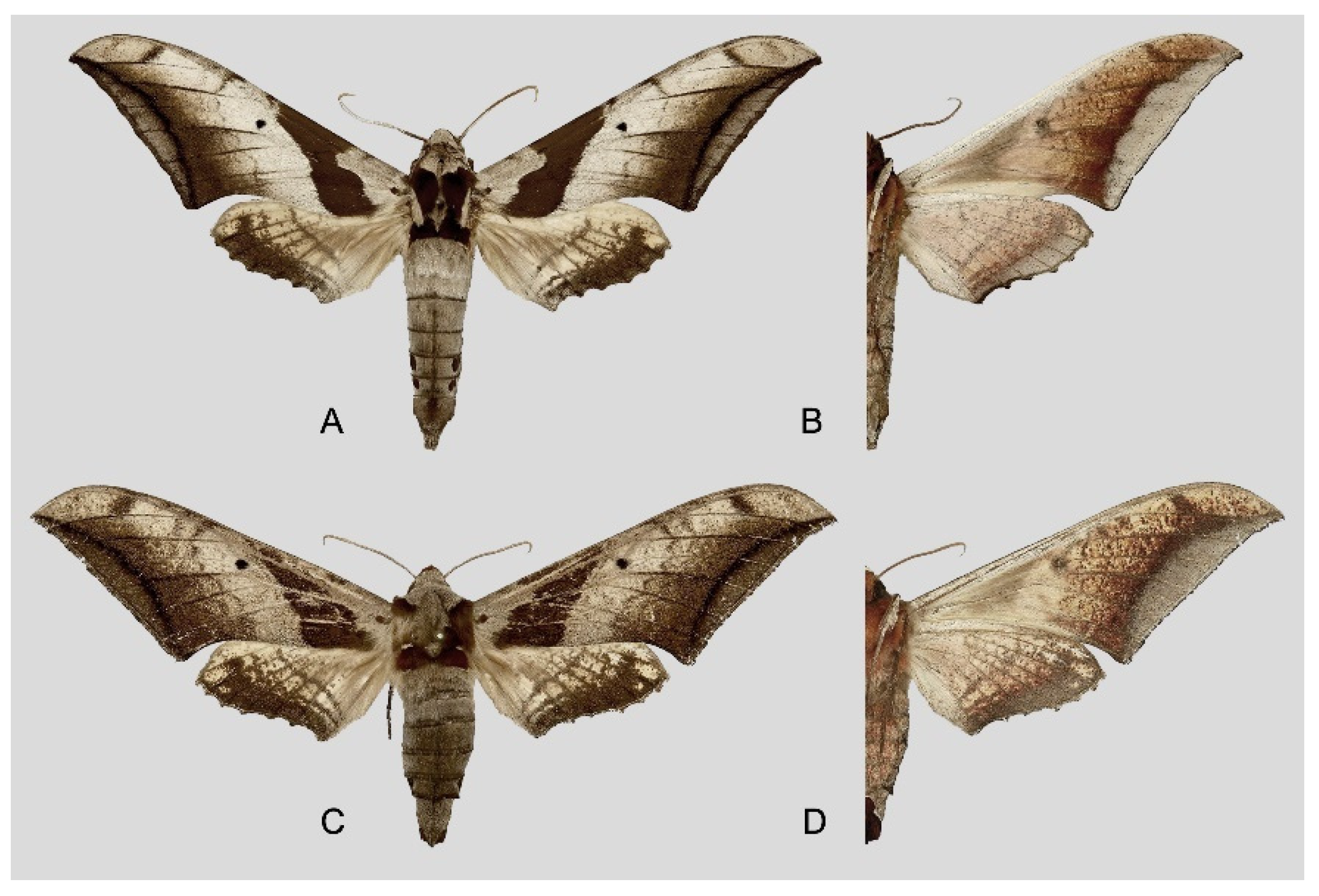 Insects 16 00223 g010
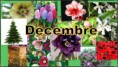 /album/galerie-de-photos-page-daccueil/plantes-fleurs-decembre-jpg/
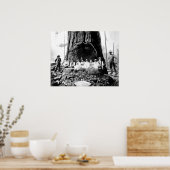 Poster LE GÉANT REDWOOD le DIMANCHE c. 1890 (Cuisine)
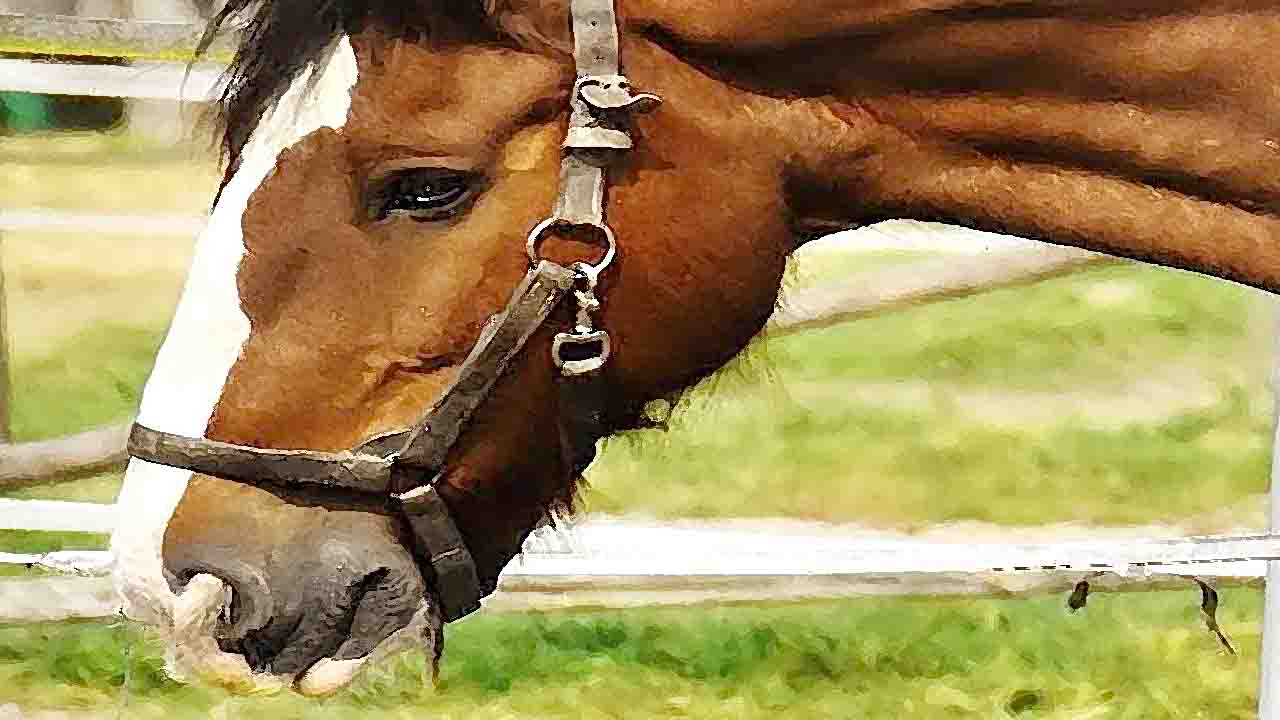 Pferde Laufen In Linienbus Bei Hilders – Ein Tier Verletzt – Rhönkanal ...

**Work instruction**: Give the lines from the one containing "Poster LE GÉANT" through the last line of the material again, exactly and with no pictures, both ends included.

**Response to this task**:
 Poster LE GÉANT REDWOOD le DIMANCHE c. 1890 (Cuisine)
 Pferde Laufen In Linienbus Bei Hilders – Ein Tier Verletzt – Rhönkanal ...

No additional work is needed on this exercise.